EU fails to develop credible transparency rules

3 May 2006

BRUSSELS, 3 May 2006 - The Commission's proposals for the new European Transparency Initiative (ETI) fail to deliver transparency around the role of lobbying in EU decision-making and will not improve public trust in the EU institutions, the Alliance for Lobbying Transparency and Ethics Regulation (ALTER-EU) charged today. ALTER-EU will continue to push for a meaningful transparency system during the consultation period which begins with this Green Paper, and urges the Commission to make more effective proposals soon.

The critique came in response to the publication by the EU Commission of the Green Paper on ETI, proposing a voluntary registration system for lobbyists. Entirely missing from the Green Paper are proposals for ending privileged access by commercial lobbyists and on employment of Commission public officials in the private sector ('revolving doors').

ALTER-EU believes that the Commission approach to transparency is totally insufficient and urges the Commission to introduce incentives to ensure registration of all lobbyists. In particular, the alliance makes the following criticisms:

- the Commission fails to propose an effective system of disclosure.

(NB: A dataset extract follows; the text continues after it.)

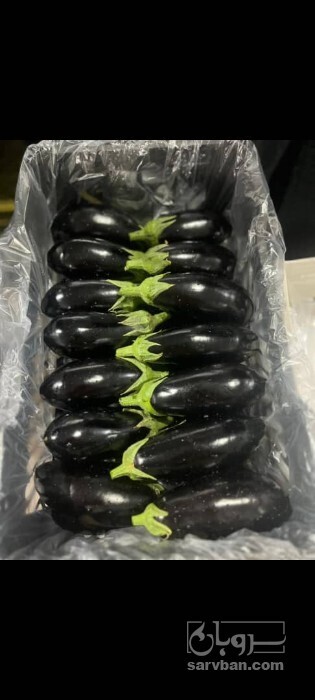 فروش بادمجان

Vested interest lobbyists are likely to continue to operate without having to provide information on the financing of their activities;

- it does not address the issue of "revolving doors", where former EU Commission staff take up lobbying posts, nor does it provide for transparency regarding staff working for the Commission under temporary contracts;

- the Commission appears satisfied with current consultation procedures, despite recent cases where the Commission has granted privileged access to lobbyists from the corporate sector, for example the European Services Forum, High Level Working Groups and the Communication on CSR;

- the Commission failed to develop proposals for a code of conduct for ethical behavior for all lobbyists: the Commission cannot leave this to the lobbyists themselves but must show leadership and secure a credible "implementation and sanction mechanism".

Erik Wesselius of Corporate Europe Observatory said: "The ETI Green Paper lays out an inadequate voluntary approach. An e-mail list announcing upcoming Commission consultations is no credible incentive to ensure comprehensive registration and reporting by EU lobbyists. Those lobbyists who want to stay in the shadow and not reveal their lobbying to the general public will continue to do so under this proposal."

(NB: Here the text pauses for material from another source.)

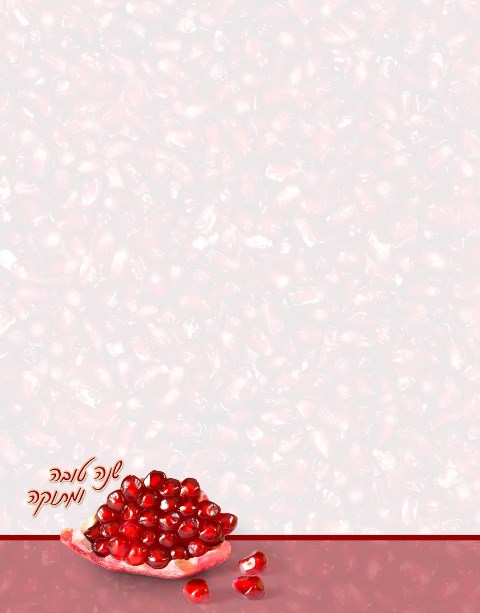 Nua Collection  Shana Tova Pomegranates Designed Paper - 50 per Pack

Paul de Clerck of Friends of the Earth Europe said: "The current codes of conduct of public affairs companies are not good because they lack independent monitoring and effective sanctions and leave no role for public scrutiny of lobbying The Commission must apply clear rules with sanctions in case of non-compliance and false registration or else the whole exercise is not credible".

Jorgo Riss, director of Greenpeace European Unit, noted: "Lobbyism is a thriving and unregulated business. Without rules, big money lobbying undermines democracy. Large corporations invest a lot of money to get access to EU decision-makers, and the public interest loses out."

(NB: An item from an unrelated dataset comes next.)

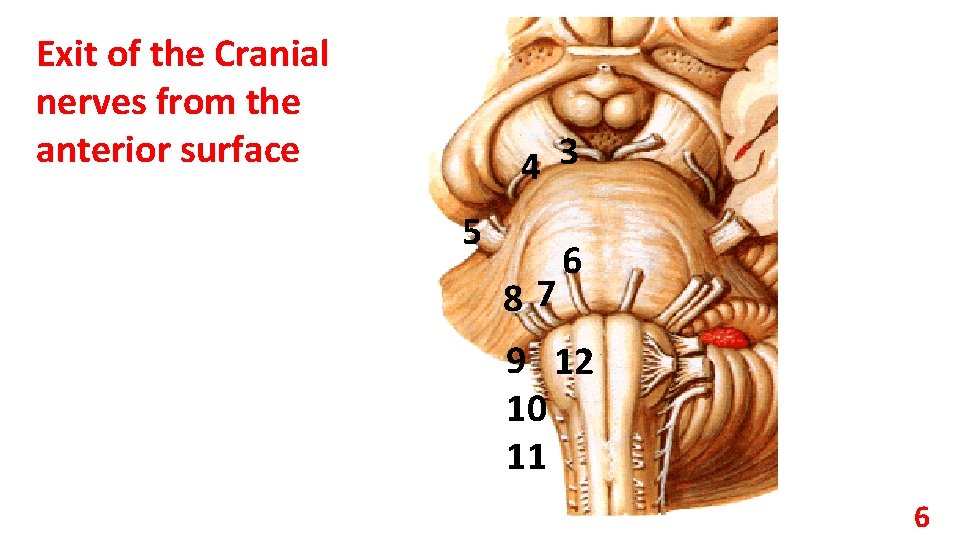 Exit of the Cranial nerves from the anterior surface 4 3 5 87 6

Ulrich Mueller of LobbyControl said: "A credible system of lobbying transparency is feasible and possible, especially if you look at positive examples in Lithuania, Hungary, Poland the US and Canada. For ALTER-EU, the publication of the ETI Green Paper means the start of a pan-European campaign to prevent the EU Commission from side-stepping the issues and to ensure credible and effective EU lobbying transparency and ethics rules."




1) ALTER-EU is a coalition of over 140 civil society groups, trade unions, academics and public affairs firms calling for: A EU lobbying disclosure legislation; improved code of conduct for European Commission Officials; the European EU Commission to terminate cases of privileged access and undue influence granted to corporate lobbyists.
The call for "Ending corporate privileges and secrecy around lobbying in the European Union", the founding statement of the Alliance for Transparency and Ethics Regulation (ALTER-EU) and a list of signatories are available in

2) Paul de Clerck, Erik Wesselius, Jorgo Riss and Ulrich Mueller are members of the ALTER-EU steering committee.

3) EU Commissioner Kallas first announced the European Transparency Initiative (ETI) in a flagship speech on 5 March 2005. ETI is among other things intended to correct the current lack of transparency around the over 15,000 lobbyists working to influence the EU institutions.